→ What you should do: The range to repeat runs from the line with "( - CNCLEP00107082)" to the last line below, both ends included; give it exactly and without pictures.

→ Recorded data:
++++++++++

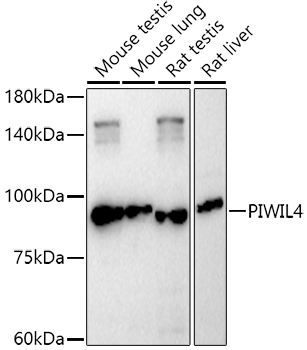 PIWIL4 Polyclonal Antibody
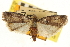 ( - CNCLEP00107082)  @11 [ ] CreativeCommons - Attribution (2013) CBG Photography Group Centre for Biodiversity Genomics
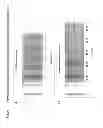 Fig. 14 - Engineered thioredoxin-like fold proteins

++++++++++

→ Reply to the exercise:
 ( - CNCLEP00107082)  @11 [ ] CreativeCommons - Attribution (2013) CBG Photography Group Centre for Biodiversity Genomics
 Fig. 14 - Engineered thioredoxin-like fold proteins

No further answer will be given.